Täglich kommen Hunderte Flüchtlinge an der bayerisch-österreichischen Grenze an und warten darauf, nach Deutschland einreisen zu dürfen. Bayern sieht sich von Österreich im Stich gelassen: Ministerpräsident Horst Seehofer machte seinem Unmut lautstark Luft. Und auch die deutsche Presse lässt kaum ein gutes Haar am Nachbarn.

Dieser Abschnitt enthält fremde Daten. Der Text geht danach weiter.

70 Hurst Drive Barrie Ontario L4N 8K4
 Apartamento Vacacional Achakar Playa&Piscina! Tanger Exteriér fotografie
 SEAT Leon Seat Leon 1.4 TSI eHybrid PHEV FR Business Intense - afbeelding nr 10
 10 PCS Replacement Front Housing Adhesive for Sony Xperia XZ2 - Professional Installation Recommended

Süddeutsche.de: "Es ist eine Schande für das Nachbarland, dass es den Notleidenden dabei nicht einmal elementare Hilfe leistet. Andererseits spricht daraus auch der neue Geist Österreichs, in dem immer stärker Ausländerfeinde und Populisten den Ton angeben. Die bayerische Staatsregierung fühlt sich zu Recht nicht nur von Österreich, sondern auch von den anderen Bundesländern im Stich gelassen."

Streit um Flüchtlinge mit Merkel: CSU-Chef will Minister abziehen.

FAZ.net: "Die Flüchtlingskrise hat nun auch das Verhältnis zwischen München und Wien vergiftet. Die Regierungen werfen sich wechselseitig und in aller Öffentlichkeit Vorwürfe an den Kopf, wie es auch schon Slowenen und Kroaten taten. Verschärft wird dieser Streit dadurch, dass er auch Teil der Auseinandersetzung von CSU und CDU ist, von Seehofer und Merkel."

Bild.de: "So tricksen die Österreicher in der Flüchtlingskrise! Mohamad F. (27) stammt aus Damaskus, ist über die Balkanroute aus Syrien geflohen. Er zahlte mehrere Tausend Dollar an kriminelle Schleuser. Weil er nach Österreich wollte! Doch die österreichische Grenzpolizei weigerte sich, seinen Asylantrag anzunehmen, schickte ihn einfach weiter. Nach Deutschland ... Unterlagen der Bundespolizei, die BILD vorliegen, belegen: Der Fall Mohamad F. ist kein Einzelfall und auch kein Versehen! Die Wahrheit: Österreich schiebt gezielt Tausende Flüchtlinge ab – über die deutsche Grenze."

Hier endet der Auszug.